Глава XIX. ПАРИЖ И ЦИММЕРВАЛЬД

19 ноября 1914 г. я переехал границу Франции в качестве военного корреспондента "Киевской мысли". Я принял предложение газеты тем охотнее, что оно давало мне возможность ближе подойти к войне. Париж был печален, улицы по вечерам погружались во тьму. Налетали цеппелины. После задержания немецких армий на Марне война становилась все требовательнее и беспощаднее. В безбрежном хаосе, пожиравшем Европу, при молчании рабочих масс, обманутых и преданных социал-демократией, развивали свою автоматическую силу машины истребления. Капиталистическая цивилизация доводила себя до абсурда, пытаясь пробить толстый череп человечества.

В тот момент, когда немцы приближались к Парижу, а буржуазные французские патриоты покидали его, два русских эмигранта поставили в Париже маленькую ежедневную газету на русском языке. Она имела своей задачей разъяснять заброшенным в Париж русским развертывающиеся события и не давать угаснуть духу международной солидарности. Перед выпуском первого номера в "кассе" издания имелось ровным счетом 30 франков. Ни один "здравомыслящий" человек не мог верить, чтобы можно было с таким основным капиталом издавать ежедневную газету. И действительно: не реже чем раз в неделю газета, несмотря на бесплатный труд редакции и сотрудников, переживала такой кризис, что, казалось, выхода нет. Но выход находился. Голодали преданные своей газете наборщики, редакторы носились по городу в поисках за несколькими десятками франков -- и очередной номер выходил. Так, под ударами дефицита и цензуры, исчезая и немедленно же появляясь под новым именем, газета просуществовала в течение 2 лет, т. е. до февральской революции 1917 г. По приезде в Париж я стал усердно работать в "Нашем слове", которое тогда еще называлось "Голосом". Ежедневная газета явилась для меня самого важным орудием ориентировки в развертывающихся событиях. Опыт "Нашего слова" оказался полезен мне позже, когда пришлось близко подойти к военному делу.

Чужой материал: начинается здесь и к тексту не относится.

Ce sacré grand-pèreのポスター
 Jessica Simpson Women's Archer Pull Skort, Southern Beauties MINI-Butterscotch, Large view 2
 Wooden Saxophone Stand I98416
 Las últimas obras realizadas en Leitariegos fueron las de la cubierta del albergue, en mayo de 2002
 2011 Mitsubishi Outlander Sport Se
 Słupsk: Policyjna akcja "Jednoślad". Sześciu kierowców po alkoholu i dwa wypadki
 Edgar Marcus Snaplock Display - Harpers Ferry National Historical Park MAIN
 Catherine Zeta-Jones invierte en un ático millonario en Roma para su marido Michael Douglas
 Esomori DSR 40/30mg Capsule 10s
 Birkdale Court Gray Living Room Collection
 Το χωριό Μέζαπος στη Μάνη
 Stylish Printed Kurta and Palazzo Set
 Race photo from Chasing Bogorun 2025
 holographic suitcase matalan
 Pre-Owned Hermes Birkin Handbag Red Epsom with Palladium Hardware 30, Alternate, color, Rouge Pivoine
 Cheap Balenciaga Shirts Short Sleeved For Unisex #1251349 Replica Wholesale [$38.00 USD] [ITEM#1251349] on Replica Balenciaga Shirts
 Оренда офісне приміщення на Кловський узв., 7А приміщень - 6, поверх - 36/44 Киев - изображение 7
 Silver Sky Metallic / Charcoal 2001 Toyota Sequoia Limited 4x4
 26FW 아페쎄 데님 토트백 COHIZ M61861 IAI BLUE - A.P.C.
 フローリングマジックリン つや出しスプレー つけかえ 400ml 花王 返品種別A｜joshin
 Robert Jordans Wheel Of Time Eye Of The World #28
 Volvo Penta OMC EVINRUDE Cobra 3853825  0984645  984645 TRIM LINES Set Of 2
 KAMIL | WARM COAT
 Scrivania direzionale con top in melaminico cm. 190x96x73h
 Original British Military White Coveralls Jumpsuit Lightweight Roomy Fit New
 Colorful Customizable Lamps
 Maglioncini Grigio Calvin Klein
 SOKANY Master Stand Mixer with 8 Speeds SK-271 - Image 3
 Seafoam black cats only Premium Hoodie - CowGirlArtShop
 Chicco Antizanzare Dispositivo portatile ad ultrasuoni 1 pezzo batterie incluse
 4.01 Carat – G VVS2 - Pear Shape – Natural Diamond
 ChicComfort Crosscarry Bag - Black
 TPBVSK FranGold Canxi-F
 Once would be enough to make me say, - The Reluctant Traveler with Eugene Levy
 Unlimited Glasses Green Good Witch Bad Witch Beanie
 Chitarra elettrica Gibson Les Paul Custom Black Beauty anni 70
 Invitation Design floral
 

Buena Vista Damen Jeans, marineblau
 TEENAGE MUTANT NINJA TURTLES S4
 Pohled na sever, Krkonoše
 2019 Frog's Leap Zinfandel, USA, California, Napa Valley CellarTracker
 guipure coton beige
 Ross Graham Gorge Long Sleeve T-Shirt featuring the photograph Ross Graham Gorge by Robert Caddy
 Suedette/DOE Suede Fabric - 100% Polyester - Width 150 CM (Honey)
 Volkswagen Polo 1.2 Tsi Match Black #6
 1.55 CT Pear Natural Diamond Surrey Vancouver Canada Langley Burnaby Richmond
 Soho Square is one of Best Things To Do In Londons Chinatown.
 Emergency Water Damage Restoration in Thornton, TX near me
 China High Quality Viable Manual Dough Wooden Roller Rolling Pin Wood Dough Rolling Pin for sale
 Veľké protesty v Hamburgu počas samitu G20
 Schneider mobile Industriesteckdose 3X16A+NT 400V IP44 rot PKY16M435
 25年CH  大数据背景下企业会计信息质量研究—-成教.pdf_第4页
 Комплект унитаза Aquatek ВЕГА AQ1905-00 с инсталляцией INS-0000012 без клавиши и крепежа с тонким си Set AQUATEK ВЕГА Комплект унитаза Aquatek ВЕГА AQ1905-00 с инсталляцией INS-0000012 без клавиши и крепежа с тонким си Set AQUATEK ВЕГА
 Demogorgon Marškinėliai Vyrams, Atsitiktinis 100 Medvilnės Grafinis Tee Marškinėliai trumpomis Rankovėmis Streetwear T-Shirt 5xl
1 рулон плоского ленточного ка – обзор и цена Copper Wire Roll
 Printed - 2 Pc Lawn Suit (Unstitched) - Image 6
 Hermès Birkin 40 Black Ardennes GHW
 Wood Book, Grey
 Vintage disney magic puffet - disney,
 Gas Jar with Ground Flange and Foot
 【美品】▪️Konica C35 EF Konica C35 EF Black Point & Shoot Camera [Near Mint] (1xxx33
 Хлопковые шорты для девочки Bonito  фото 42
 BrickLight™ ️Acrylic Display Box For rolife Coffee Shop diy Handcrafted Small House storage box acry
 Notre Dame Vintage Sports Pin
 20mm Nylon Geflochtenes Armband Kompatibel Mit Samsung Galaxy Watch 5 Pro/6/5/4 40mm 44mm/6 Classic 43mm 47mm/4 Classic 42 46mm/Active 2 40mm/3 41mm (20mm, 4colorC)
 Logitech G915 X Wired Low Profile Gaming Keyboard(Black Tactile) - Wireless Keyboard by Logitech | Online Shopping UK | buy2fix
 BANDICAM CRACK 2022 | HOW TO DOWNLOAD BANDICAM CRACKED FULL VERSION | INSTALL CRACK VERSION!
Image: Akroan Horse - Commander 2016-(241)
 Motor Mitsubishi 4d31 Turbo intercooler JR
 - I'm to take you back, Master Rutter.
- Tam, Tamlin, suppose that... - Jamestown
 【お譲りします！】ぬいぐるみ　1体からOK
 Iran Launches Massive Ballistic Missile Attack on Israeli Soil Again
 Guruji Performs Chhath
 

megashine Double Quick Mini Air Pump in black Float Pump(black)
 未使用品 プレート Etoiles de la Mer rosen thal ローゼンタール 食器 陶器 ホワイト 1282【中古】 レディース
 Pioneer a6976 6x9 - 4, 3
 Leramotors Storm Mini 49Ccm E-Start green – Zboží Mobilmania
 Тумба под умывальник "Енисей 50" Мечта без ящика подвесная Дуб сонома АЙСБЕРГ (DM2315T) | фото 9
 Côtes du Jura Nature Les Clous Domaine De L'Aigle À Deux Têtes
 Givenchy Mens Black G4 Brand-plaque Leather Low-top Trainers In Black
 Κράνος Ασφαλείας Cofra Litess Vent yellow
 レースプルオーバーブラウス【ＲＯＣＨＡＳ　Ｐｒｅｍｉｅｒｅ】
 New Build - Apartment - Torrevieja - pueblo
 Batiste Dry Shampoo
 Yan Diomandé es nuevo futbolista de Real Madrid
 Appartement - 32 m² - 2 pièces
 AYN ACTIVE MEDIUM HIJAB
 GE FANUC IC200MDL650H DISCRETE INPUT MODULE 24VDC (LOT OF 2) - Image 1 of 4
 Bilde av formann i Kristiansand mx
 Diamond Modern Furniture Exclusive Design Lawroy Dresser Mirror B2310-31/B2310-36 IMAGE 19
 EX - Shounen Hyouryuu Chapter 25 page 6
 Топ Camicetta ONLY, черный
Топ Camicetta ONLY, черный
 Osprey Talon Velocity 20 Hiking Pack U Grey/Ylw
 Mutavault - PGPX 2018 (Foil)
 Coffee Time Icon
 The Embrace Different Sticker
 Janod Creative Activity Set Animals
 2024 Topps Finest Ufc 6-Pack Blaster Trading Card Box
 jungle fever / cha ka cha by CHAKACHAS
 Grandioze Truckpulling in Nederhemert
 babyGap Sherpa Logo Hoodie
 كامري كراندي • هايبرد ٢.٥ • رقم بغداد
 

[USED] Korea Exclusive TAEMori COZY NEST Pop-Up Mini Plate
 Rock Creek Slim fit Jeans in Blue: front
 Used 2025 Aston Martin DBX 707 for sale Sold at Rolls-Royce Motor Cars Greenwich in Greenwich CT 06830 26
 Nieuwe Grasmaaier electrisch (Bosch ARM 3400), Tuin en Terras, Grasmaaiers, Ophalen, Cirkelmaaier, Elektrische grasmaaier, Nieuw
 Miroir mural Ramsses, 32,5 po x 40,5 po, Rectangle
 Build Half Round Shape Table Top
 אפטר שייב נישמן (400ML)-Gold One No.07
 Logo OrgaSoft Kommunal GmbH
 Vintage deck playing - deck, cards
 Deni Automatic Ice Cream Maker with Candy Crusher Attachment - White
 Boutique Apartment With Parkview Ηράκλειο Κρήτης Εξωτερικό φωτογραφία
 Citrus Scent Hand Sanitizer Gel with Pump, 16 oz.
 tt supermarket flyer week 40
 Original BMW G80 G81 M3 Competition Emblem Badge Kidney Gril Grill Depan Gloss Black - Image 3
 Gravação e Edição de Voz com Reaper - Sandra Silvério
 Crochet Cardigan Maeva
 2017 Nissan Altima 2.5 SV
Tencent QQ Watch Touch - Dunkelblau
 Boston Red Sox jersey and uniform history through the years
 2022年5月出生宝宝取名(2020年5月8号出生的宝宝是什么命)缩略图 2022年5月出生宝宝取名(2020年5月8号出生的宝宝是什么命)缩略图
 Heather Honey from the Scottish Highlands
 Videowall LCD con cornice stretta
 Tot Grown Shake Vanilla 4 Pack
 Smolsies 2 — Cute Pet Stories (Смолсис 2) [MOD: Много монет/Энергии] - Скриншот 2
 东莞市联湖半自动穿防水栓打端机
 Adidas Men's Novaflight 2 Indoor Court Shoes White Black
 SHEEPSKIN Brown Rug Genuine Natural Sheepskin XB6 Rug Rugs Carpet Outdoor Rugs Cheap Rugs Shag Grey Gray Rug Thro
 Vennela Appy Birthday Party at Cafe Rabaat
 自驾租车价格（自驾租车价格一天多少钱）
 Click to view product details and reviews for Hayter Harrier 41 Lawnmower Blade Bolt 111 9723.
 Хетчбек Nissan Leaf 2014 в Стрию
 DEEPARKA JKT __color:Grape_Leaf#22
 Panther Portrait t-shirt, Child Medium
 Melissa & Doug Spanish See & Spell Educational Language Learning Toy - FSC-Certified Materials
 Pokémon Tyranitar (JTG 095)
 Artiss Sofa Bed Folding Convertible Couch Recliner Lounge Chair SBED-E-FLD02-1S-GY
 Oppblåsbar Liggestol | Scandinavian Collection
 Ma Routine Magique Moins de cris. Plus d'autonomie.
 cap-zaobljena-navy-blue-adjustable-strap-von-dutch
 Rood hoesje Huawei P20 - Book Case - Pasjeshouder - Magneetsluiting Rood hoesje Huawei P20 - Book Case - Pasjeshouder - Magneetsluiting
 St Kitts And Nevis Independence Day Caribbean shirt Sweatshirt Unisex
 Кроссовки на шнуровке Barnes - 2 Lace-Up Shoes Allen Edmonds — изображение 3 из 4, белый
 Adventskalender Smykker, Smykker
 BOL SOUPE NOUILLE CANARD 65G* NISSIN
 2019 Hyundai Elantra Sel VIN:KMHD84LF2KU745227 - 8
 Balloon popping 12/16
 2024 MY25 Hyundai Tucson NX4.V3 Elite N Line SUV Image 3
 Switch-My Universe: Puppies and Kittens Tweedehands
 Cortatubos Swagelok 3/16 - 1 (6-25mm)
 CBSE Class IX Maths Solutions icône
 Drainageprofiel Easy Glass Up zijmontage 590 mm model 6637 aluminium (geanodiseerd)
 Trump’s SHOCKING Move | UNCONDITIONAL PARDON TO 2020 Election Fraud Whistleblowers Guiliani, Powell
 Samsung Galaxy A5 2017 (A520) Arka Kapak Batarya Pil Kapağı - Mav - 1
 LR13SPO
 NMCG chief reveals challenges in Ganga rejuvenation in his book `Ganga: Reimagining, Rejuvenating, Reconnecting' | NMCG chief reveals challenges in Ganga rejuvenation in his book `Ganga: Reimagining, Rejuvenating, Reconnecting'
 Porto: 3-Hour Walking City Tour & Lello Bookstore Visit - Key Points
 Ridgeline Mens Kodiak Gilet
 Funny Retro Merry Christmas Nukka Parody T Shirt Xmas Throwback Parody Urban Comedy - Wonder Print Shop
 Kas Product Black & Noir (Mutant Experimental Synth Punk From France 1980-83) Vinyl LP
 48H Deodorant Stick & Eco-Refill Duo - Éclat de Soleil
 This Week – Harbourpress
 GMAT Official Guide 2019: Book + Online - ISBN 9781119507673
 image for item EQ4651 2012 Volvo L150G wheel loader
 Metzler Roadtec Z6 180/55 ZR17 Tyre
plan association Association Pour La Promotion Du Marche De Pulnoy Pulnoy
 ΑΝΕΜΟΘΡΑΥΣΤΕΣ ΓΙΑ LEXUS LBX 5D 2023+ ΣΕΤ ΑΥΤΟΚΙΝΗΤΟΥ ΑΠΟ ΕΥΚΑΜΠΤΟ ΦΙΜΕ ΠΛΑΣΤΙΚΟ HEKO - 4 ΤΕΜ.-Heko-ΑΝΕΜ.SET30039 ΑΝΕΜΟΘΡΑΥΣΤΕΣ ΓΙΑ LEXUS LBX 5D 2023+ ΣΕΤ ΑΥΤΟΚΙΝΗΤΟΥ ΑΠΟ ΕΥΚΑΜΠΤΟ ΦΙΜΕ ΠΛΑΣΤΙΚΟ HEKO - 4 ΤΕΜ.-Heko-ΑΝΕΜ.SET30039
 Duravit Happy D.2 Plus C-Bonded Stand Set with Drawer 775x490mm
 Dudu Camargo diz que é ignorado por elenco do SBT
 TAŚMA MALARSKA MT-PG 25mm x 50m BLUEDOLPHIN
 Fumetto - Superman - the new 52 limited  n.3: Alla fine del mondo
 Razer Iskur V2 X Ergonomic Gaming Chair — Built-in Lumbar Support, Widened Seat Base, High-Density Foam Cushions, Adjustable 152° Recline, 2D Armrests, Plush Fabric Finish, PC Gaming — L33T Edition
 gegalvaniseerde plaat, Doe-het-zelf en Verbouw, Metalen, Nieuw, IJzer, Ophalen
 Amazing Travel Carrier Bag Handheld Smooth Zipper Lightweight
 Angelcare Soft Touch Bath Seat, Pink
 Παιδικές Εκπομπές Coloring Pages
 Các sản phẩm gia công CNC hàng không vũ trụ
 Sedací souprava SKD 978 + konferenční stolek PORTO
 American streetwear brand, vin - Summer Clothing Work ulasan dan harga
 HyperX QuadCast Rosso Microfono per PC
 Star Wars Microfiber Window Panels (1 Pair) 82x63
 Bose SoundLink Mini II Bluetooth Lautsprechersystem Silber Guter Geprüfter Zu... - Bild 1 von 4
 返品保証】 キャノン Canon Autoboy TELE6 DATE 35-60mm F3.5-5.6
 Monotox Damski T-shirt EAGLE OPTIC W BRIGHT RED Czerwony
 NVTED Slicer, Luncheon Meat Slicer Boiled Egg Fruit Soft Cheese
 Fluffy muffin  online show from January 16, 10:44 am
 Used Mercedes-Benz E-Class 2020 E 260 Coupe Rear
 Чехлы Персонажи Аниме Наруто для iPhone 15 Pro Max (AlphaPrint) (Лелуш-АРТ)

Семья моя переехала во Францию только в мае 1915 г. Мы поселились в Севре, в маленьком домике, который нам предоставил на несколько месяцев наш молодой друг, итальянский художник Рене Пареше. Мальчики стали посещать севрскую школу. Весна была прекрасна, зелень казалась особенно нежной и ласковой. Но число женщин в черном непрерывно росло. Школьники оставались без отцов. Две армии закопались в землю. Выхода не видно было. Клемансо начинал в своей газете атаковать Жоффра. В реакционном подполье шла подготовка государственного переворота. Сведения об этом переходили из уст в уста. На страницах "Temps" парламент в течение одного или двух дней назывался не иначе, как ослом. От социалистов "Temps" тем не менее строжайше требовал соблюдения национального единения.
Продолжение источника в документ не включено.